Cela ne pouvait durer. Delaherche résolut de retourner encore à la Sous-Préfecture, sentant bien que tout repos lui serait impossible, tant qu'il ne saurait pas. Mais, en bas, devant la rue encombrée, il fut pris d'un désespoir: jamais il n'aurait la force d'aller et de revenir, au milieu des obstacles dont le souvenir seul lui cassait les membres. Et il hésitait, lorsqu'il vit arriver le major Bouroche, soufflant, jurant.
-Tonnerre de Dieu! c'est à y laisser les pattes!
Il avait dû se rendre à l'Hôtel de Ville, pour supplier le maire de réquisitionner du chloroforme et de lui en envoyer dès le jour, car sa provision se trouvait épuisée, des opérations étaient urgentes, et il craignait, comme il disait, d'être obligé de charcuter les pauvres bougres, sans les endormir.
-Eh bien? demanda Delaherche.
-Eh bien, ils ne savent seulement pas si les pharmaciens en ont encore!
Mais le fabricant se moquait du chloroforme. Il reprit:
-Non, non... Est-ce fini, là-bas? a-t-on signé avec les Prussiens?
Le major eut un geste violent.
-Rien de fait! cria-t-il. Wimpffen vient de rentrer... Il paraît que ces brigands-là ont des exigences à leur flanquer des gifles... Ah! qu'on recommence donc, et que nous crevions tous, ça vaudra mieux!
Delaherche l'écoutait, pâlissant.
-Mais est-ce bien certain, ce que vous me racontez?
-Je le tiens de ces bourgeois du conseil municipal, qui sont là-bas en permanence... Un officier était venu de la Sous-Préfecture leur tout dire.

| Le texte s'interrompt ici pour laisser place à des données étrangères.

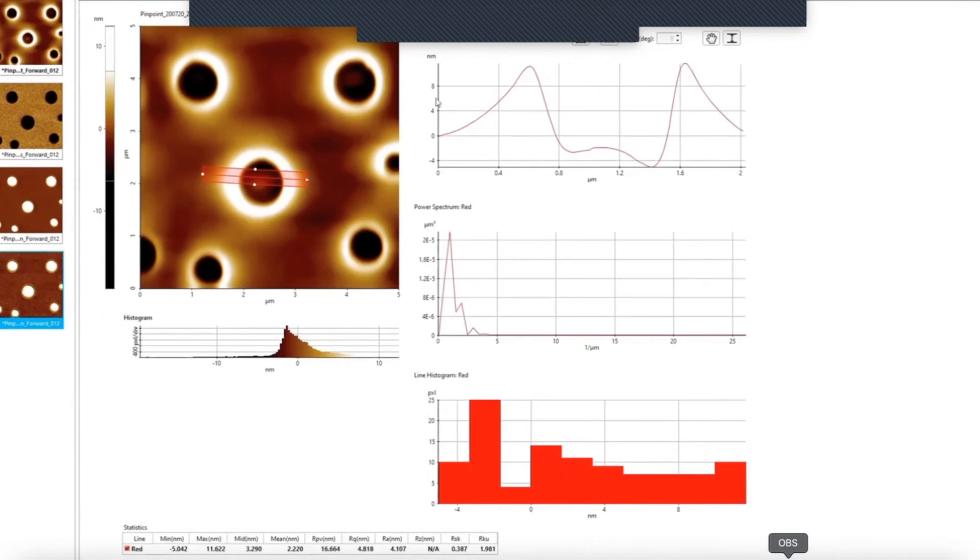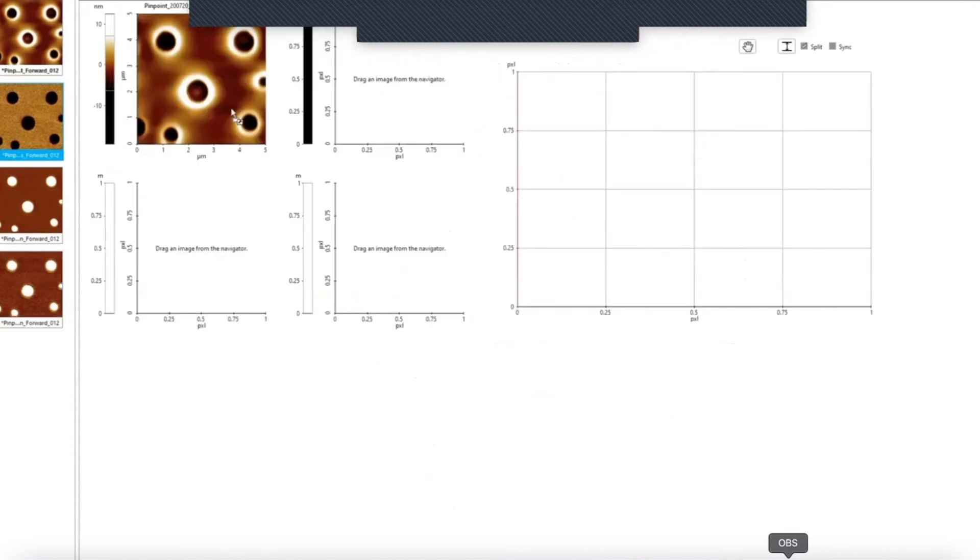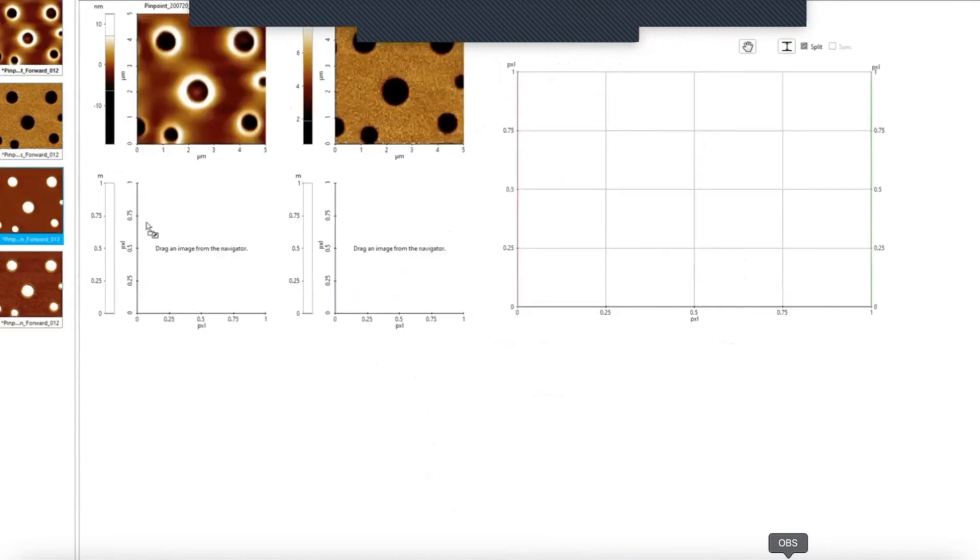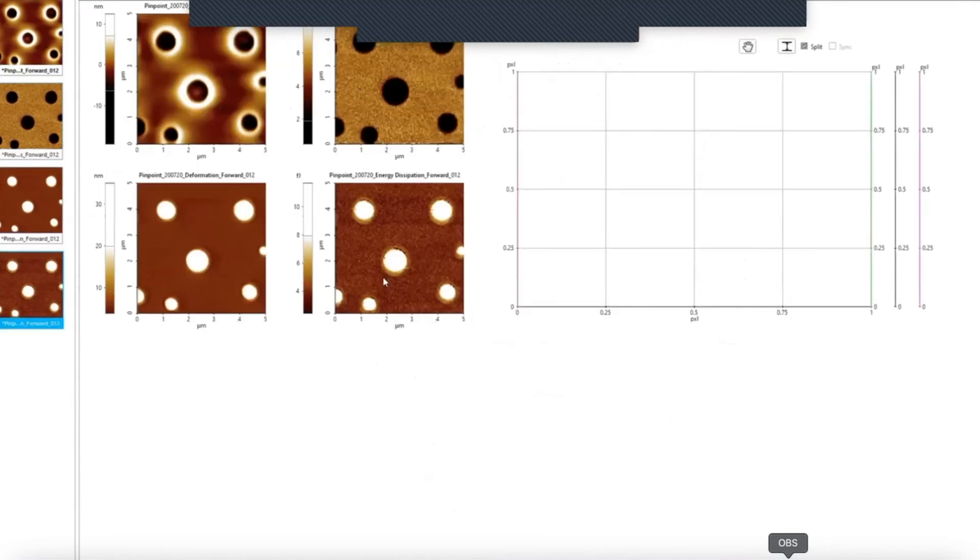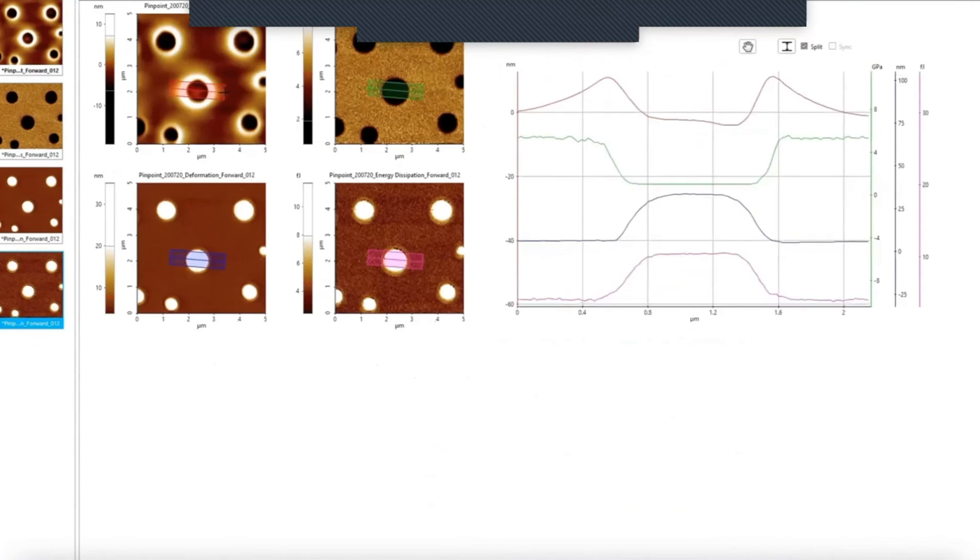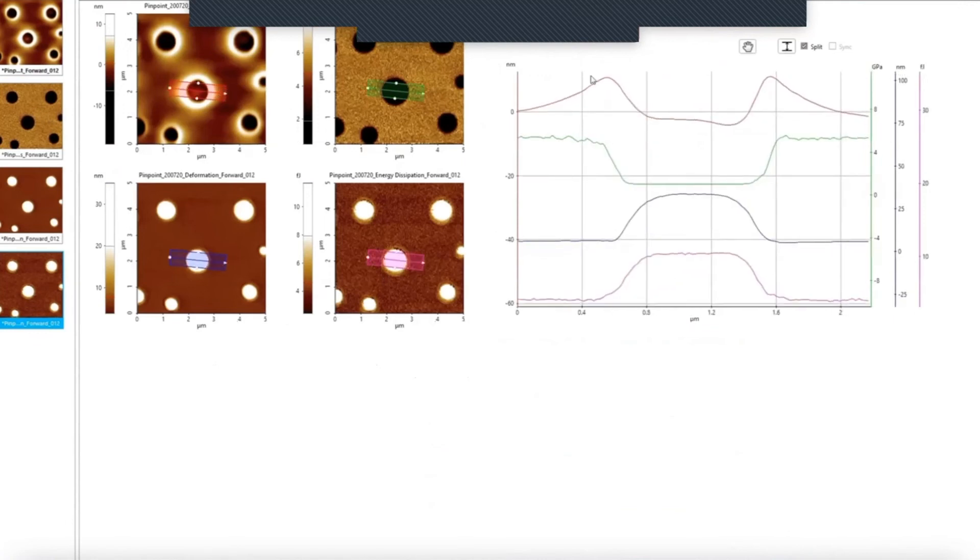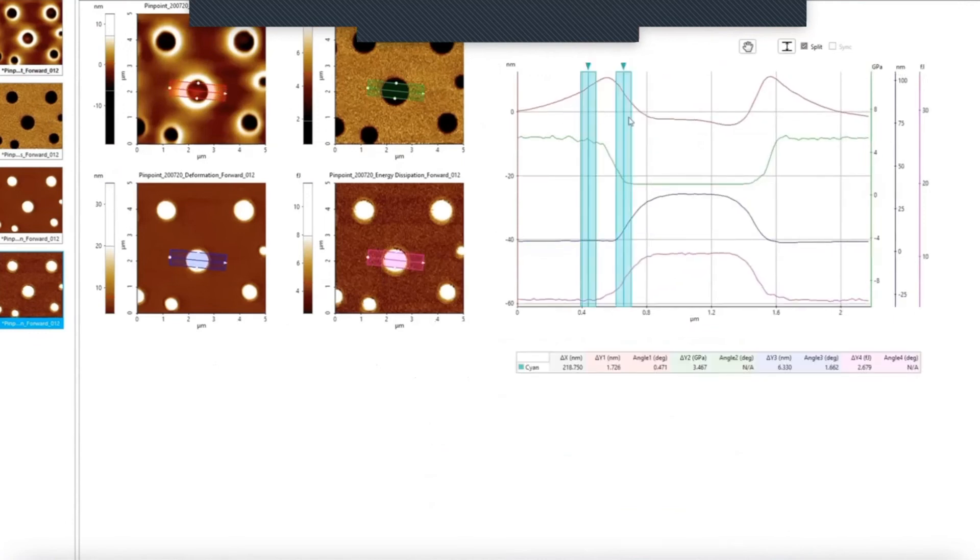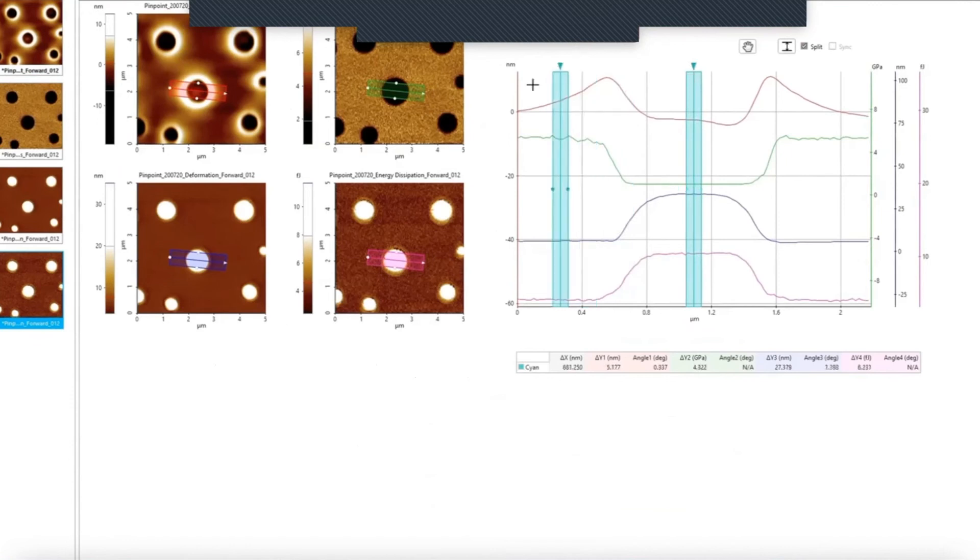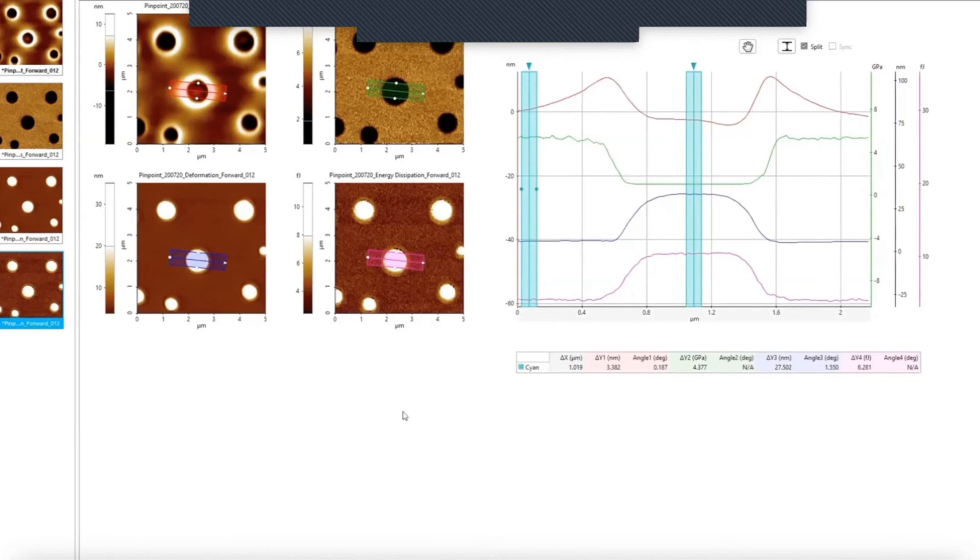Or measure the same spot in different channels simultaneously. By using this multi-line option, you can see that for this sample, between these two particular points, there is a modulus difference of 4.4 GPa. Also, you can see a deformation of approximately 30 nm, an adhesion energy difference of 6.3 femtojoules, and a height difference of 3.3 nm.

Et il ajouta des détails. C'était au château de Bellevue, près de Donchery, que l'entrevue avait eu lieu, entre le général de Wimpffen, le général de Moltke et Bismarck. Un terrible homme, ce général de Moltke, sec et dur, avec sa face glabre de chimiste mathématicien, qui gagnait les batailles du fond de son cabinet, à coups d'algèbre! Tout de suite, il avait tenu à établir qu'il connaissait la situation désespérée de l'armée Française: pas de vivres, pas de munitions, la démoralisation et le désordre, l'impossibilité absolue de rompre le cercle de fer où elle était enserrée; tandis que les armées allemandes occupaient les positions les plus fortes, pouvaient brûler la ville en deux heures. Froidement, il dictait sa volonté: l'armée Française tout entière prisonnière, avec armes et bagages. Bismarck, simplement, l'appuyait, de son air de dogue bon enfant. Et, dès lors, le général de Wimpffen s'était épuisé à combattre ces conditions, les plus rudes qu'on eût jamais imposées à une armée battue. Il avait dit sa malchance, l'héroïsme des soldats, le danger de pousser à bout un peuple fier; il avait, pendant trois heures, menacé, supplié, parlé avec une éloquence désespérée et superbe, demandant qu'on se contentât d'interner les vaincus au fond de la France, en Algérie même; et l'unique concession avait fini par être que ceux d'entre les officiers qui prendraient, par écrit et sur l'honneur, l'engagement de ne plus servir, pourraient se rendre dans leurs foyers. Enfin, l'armistice devait être prolongé jusqu'au lendemain matin, à dix heures. Si, à cette heure-là, les conditions n'étaient pas acceptées, les batteries Prussiennes ouvriraient le feu de nouveau, la ville serait brûlée.